火の焚かれた薪の中へと肉を立てかけ、しばらく放置。桜の木などを薪として利用しており、いわゆるベーコンのような香りと味わいが出るらしく。

…しかし、立てかけた棒が熱くなるばかりで、一向に火が通る気配がありません。

大丈夫なのかこれ?

(2)一から作るきりたんぽ体験
ある意味この日のメインイベント。
まずは鶏を自らの手で捌くというもので、大人も子供も戦々恐々としながら鶏を見守ります。

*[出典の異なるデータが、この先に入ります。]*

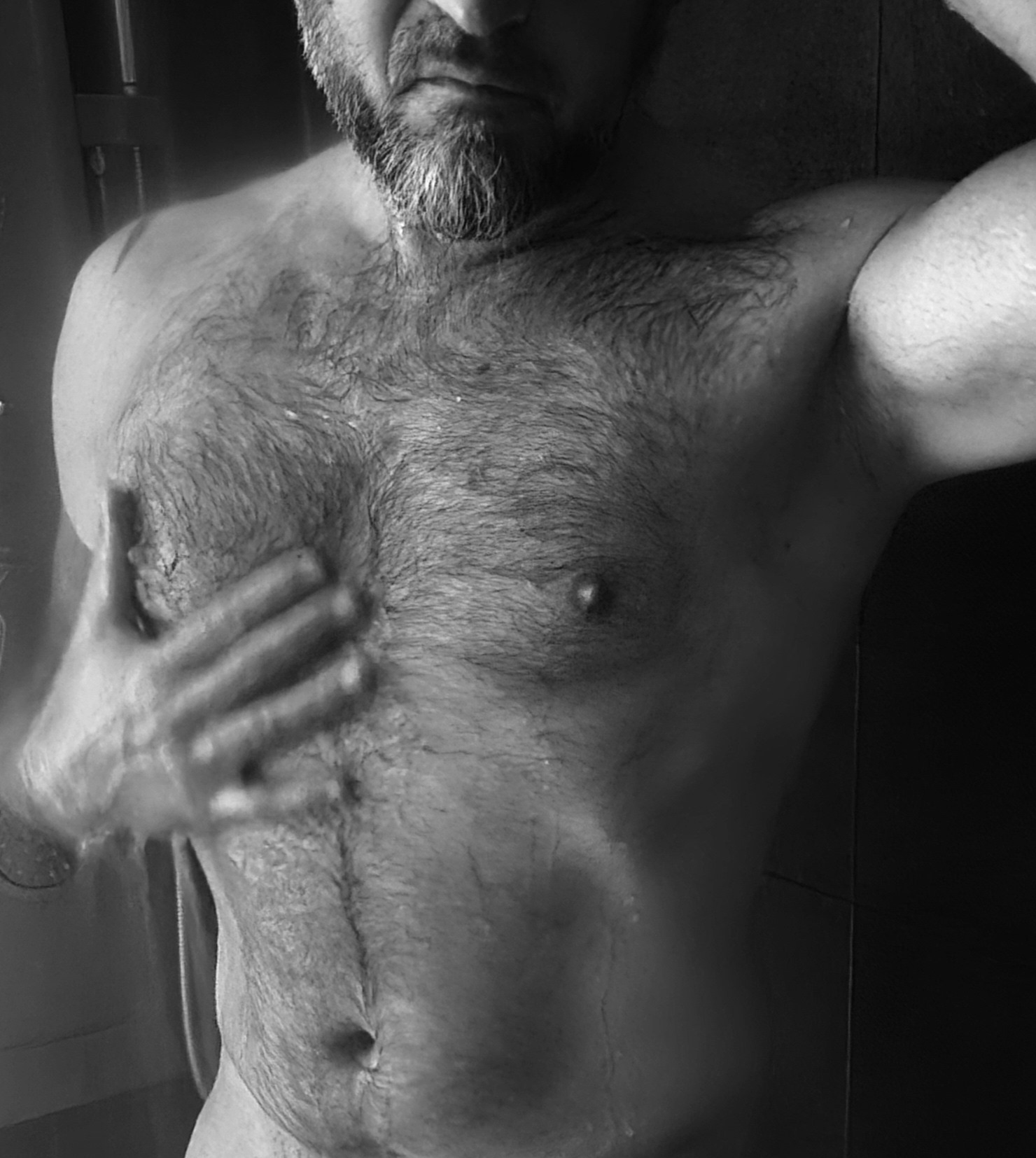 Killien - Moyaux - Calvados | Rencontre gay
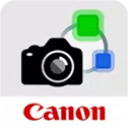 佳能相机App官方最新版(Camera游戏图标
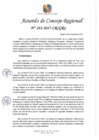 Vista preliminar de documento Acuerdo de Consejo Regional N 263-2017-CR-GRL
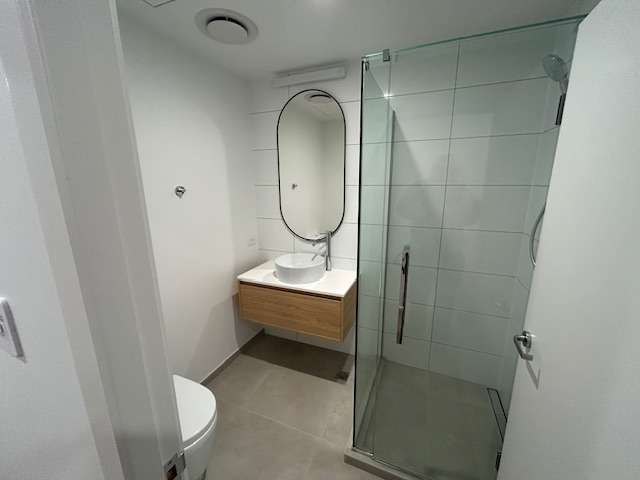 304/26 Waring Taylor Street 1372_4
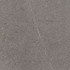 Керамогранит Limestone Slate 100x100x0,55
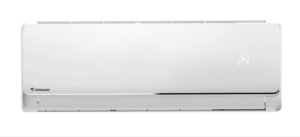 מזגן טורנדו TOP-INV-240 X WIFI EU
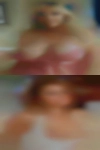 Adult personals Boise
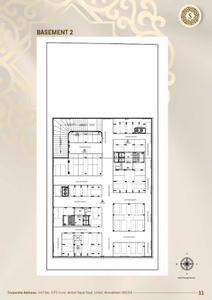 Shyaswa Savera Prarambh Brochure 11
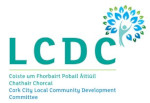 LCDC logo thumbnail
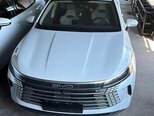 BYD Destroyer 05-1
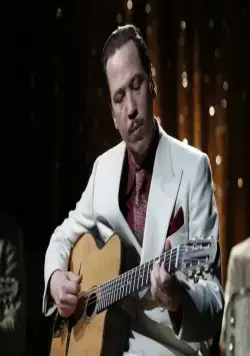 Джанго (2017) через торрент скачать Джанго (2017) фильм через торрент скачать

我々が到着した頃にはまだ生きていたようなのですが、この暑さでやられたらしく、鶏は既に息絶えた状態となっていました。合掌

マタギの一二三さんがおもむろに鶏の羽毛を毟りはじめ、みんなに手伝えと声を掛けます。

ちなみに甥っ子、まだ生暖かい鶏に恐る恐る手を触れたと思ったら、何を思ったのかそのまま撫で始めるという…。やはり経験させるにはまだちょっと早かったか、と思いきや、周囲の人たちの見様見真似で毛を毟り始めました。

実は僕も未経験。甥っ子に先を越されてしまった、と苦笑いしながら、命を頂くことへのありがたみを噛み締めつつ、無心で一緒に毛を毟り続けました。まさに「いただきます」。

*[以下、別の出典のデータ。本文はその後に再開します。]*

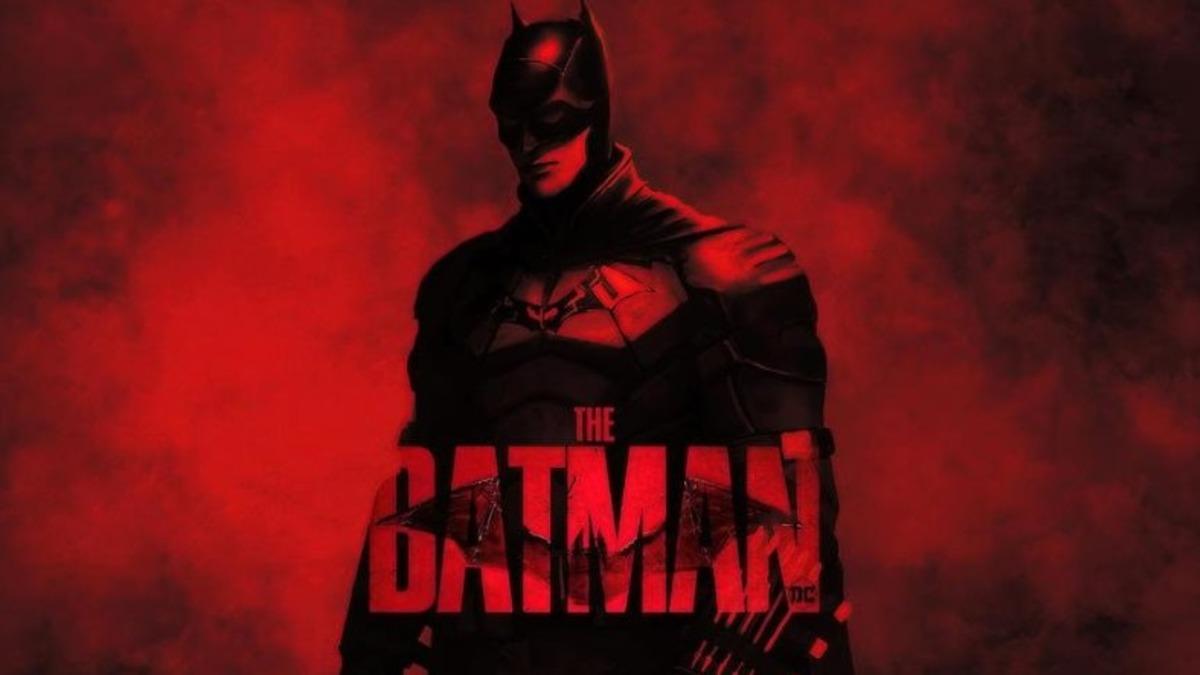 Yeni Batman Filminin Arkasındaki İsimden İddialı Açıklama: Şu Ana Kadar Gördüğünüz En Korkunç Batman’e Hazır Olun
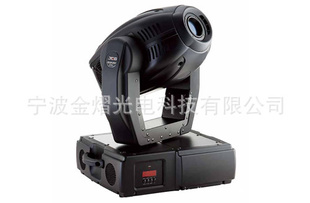 ҡͷJEG-1691COLORSPOT575-I
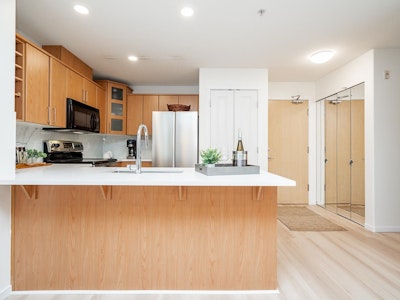 103-3142 St Johns Street - 4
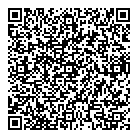 Eastview Travel QR Card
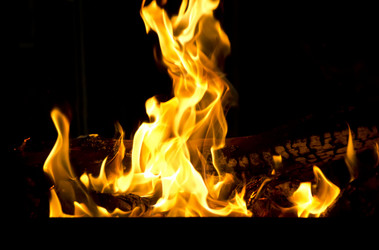 Similar image 5898122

やがて丸裸にされた鶏は、佐藤さんと一二三さんによって手際よく捌かれていきます。その光景を見ながら、昔のことを思い出していました。


うちの亡父もかつて猟銃片手に山へ向かい、ヤマドリを捕まえてきました。(父は下手すぎて捕まえることはなかったようですが。)
その時も裏庭に段ボール箱を置き、ヤマドリを捌いていたことを思い出しましたが、僕はその光景を一度として見たことはありませんでした。飼い猫が鼻の頭にヤマドリの羽根を付けて戻ってきた時は、ドン引きしたぐらい。

亡父の生家(=いわゆる本家)ではその昔、熊やウサギの肉を食べさせられたこともありました。
が、肉の臭みや固さに顔をしかめ、ほとんど口にすることはありませんでした。

ちなみに父の生まれ故郷は秋田県と青森県に跨がる白神山地のある西目屋村。この村にも、マタギの風習があります。
そして、旧阿仁町にもマタギ文化が色濃く残っています。
そんな奇妙な関係というか繋がりというのを紐解いていくうちに、きっとこの場に僕と甥っ子がやってきたのも、不思議な御縁に導かれてなのだろうな、ということを考えていました。

ひととおり鶏を捌く作業が終わり、再び公民館へ。
いよいよ甥っ子が楽しみにしていた、きりたんぽの製作に取りかかります。
まずは白飯を潰す作業。

お友達となった仁希くんと二人ですりこぎを握り、共同作業とばかりにすり鉢の白飯を潰していきます。
更に大人も加わり、ひたすら白飯を潰し続けます。

潰した米を丸め、きりたんぽを焼く棒に伸ばして成形。

他方、姿の見えない男性陣は外で、鶏肉に串を刺す作業を黙々と続けていました。
鶏の脂で手が滑り、悪戦苦闘の模様。

先ほどこしらえたきりたんぽを焼く作業。炭の熱に四苦八苦しながら、表面を乾かし、焼き目を付けていきます。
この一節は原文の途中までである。